*TASK DIRECTIONS:* Each entry that follows should be set down precisely, with its pictures removed.

==*==

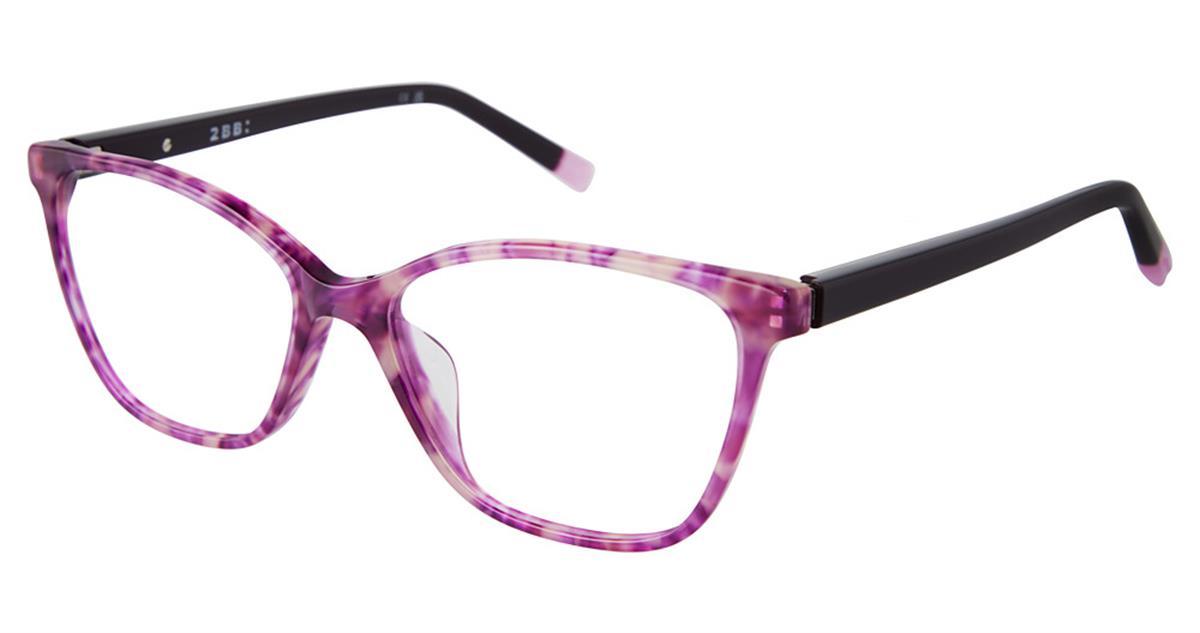 2BB BBEFFIE Eyeglasses - Stylish & Lightweight Glasses for Men & Women - Perfect for Reading, Driving & Daily Use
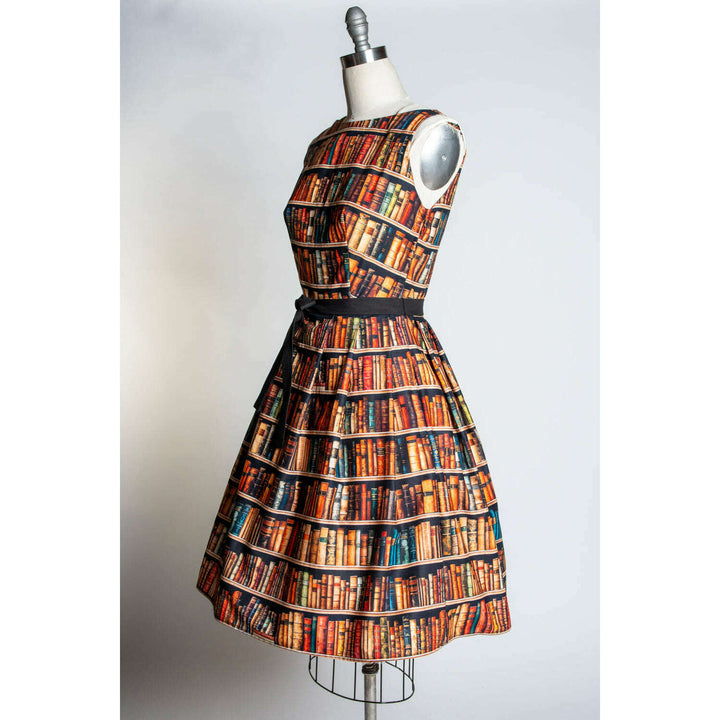 Monica Dress - Library *sale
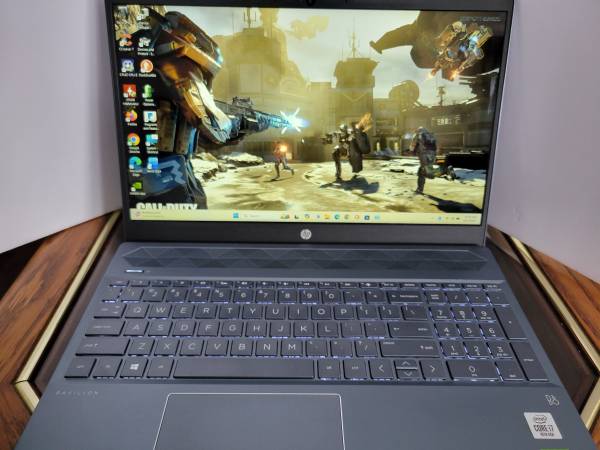 Hp   Intel® Core™ i7-1065G7, Win11, GeForce MX250 12G ddr4, BacklitKey 1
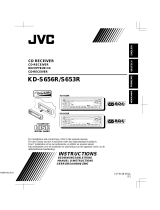 JVC KD-S656R Manuel utilisateur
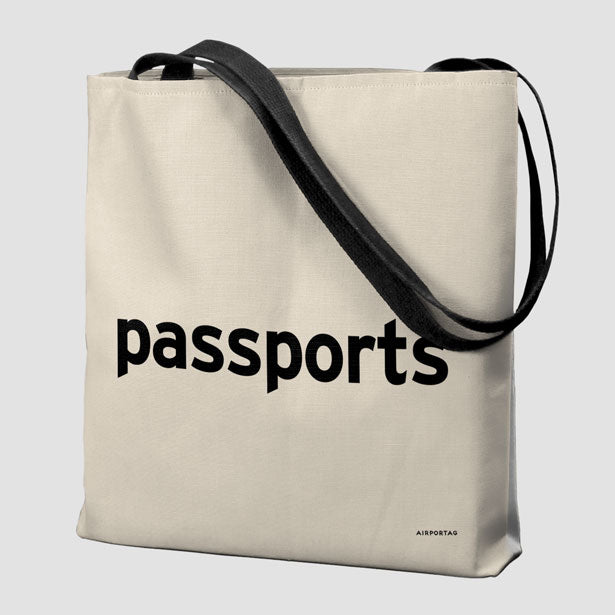 Passport - Tote Bag airportag.myshopify.com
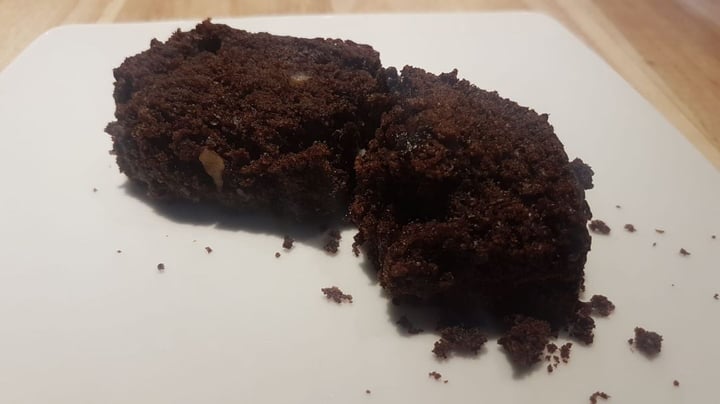 photo of Restaurante Alive Brownie De Chocolate shared by @oskar-vegantv on  26 Nov 2019 - review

==*==

*OUTPUT FOR THIS EXERCISE:*
 2BB BBEFFIE Eyeglasses - Stylish & Lightweight Glasses for Men & Women - Perfect for Reading, Driving & Daily Use
 Monica Dress - Library *sale
 Hp   Intel® Core™ i7-1065G7, Win11, GeForce MX250 12G ddr4, BacklitKey 1
 JVC KD-S656R Manuel utilisateur
 Passport - Tote Bag airportag.myshopify.com
 photo of Restaurante Alive Brownie De Chocolate shared by @oskar-vegantv on  26 Nov 2019 - review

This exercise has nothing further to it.